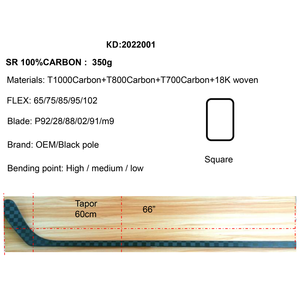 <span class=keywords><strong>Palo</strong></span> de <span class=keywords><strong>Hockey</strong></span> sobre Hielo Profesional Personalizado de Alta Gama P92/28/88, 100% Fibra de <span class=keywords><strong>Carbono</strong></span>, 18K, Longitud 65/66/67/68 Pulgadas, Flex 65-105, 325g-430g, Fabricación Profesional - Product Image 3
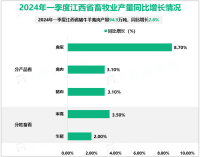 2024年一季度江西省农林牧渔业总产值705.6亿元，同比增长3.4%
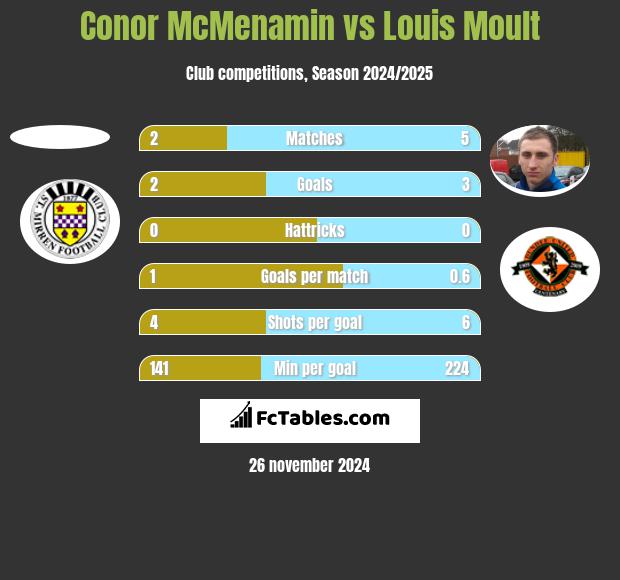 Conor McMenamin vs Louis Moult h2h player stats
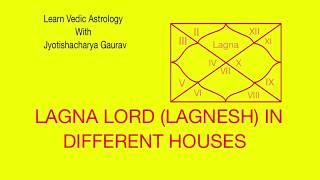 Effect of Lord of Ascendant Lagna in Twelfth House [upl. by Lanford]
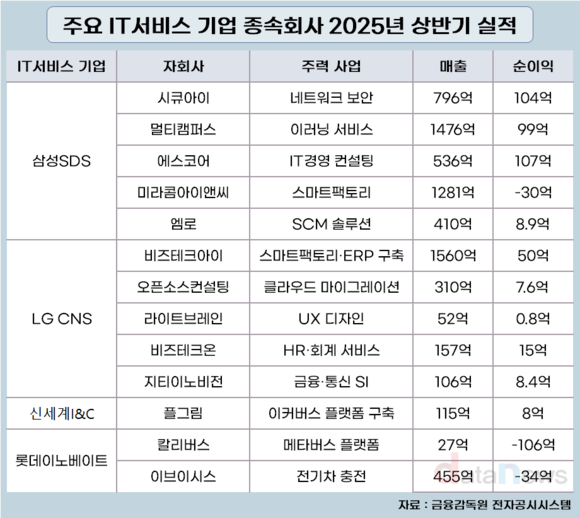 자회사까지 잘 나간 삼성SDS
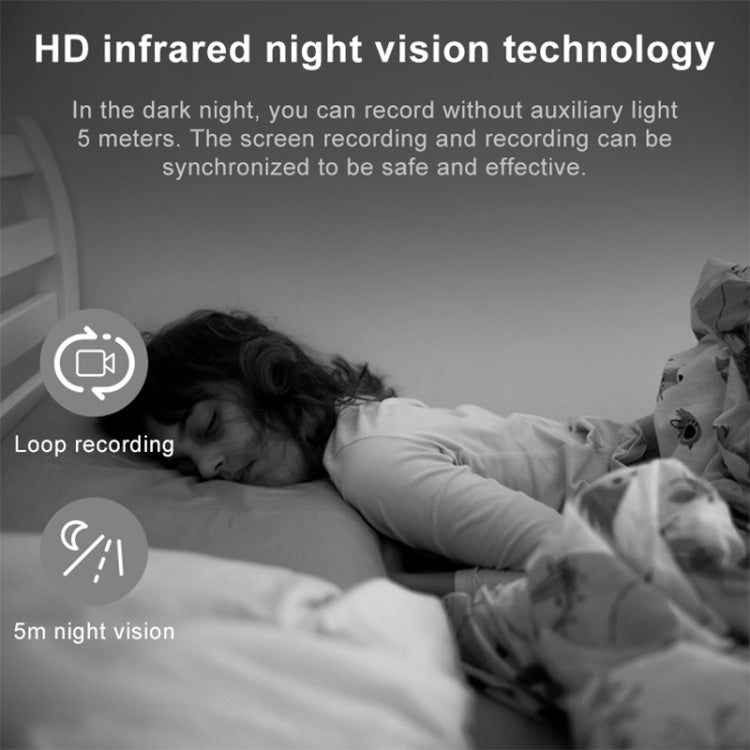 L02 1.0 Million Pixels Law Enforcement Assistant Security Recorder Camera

- TASK DIRECTIONS: Your answer should be an exact copy of the entries above, with no images included.

- OUTPUT:
 <span class=keywords><strong>Palo</strong></span> de <span class=keywords><strong>Hockey</strong></span> sobre Hielo Profesional Personalizado de Alta Gama P92/28/88, 100% Fibra de <span class=keywords><strong>Carbono</strong></span>, 18K, Longitud 65/66/67/68 Pulgadas, Flex 65-105, 325g-430g, Fabricación Profesional - Product Image 3
 2024年一季度江西省农林牧渔业总产值705.6亿元，同比增长3.4%
 Conor McMenamin vs Louis Moult h2h player stats
 Effect of Lord of Ascendant Lagna in Twelfth House [upl. by Lanford]
 자회사까지 잘 나간 삼성SDS
 L02 1.0 Million Pixels Law Enforcement Assistant Security Recorder Camera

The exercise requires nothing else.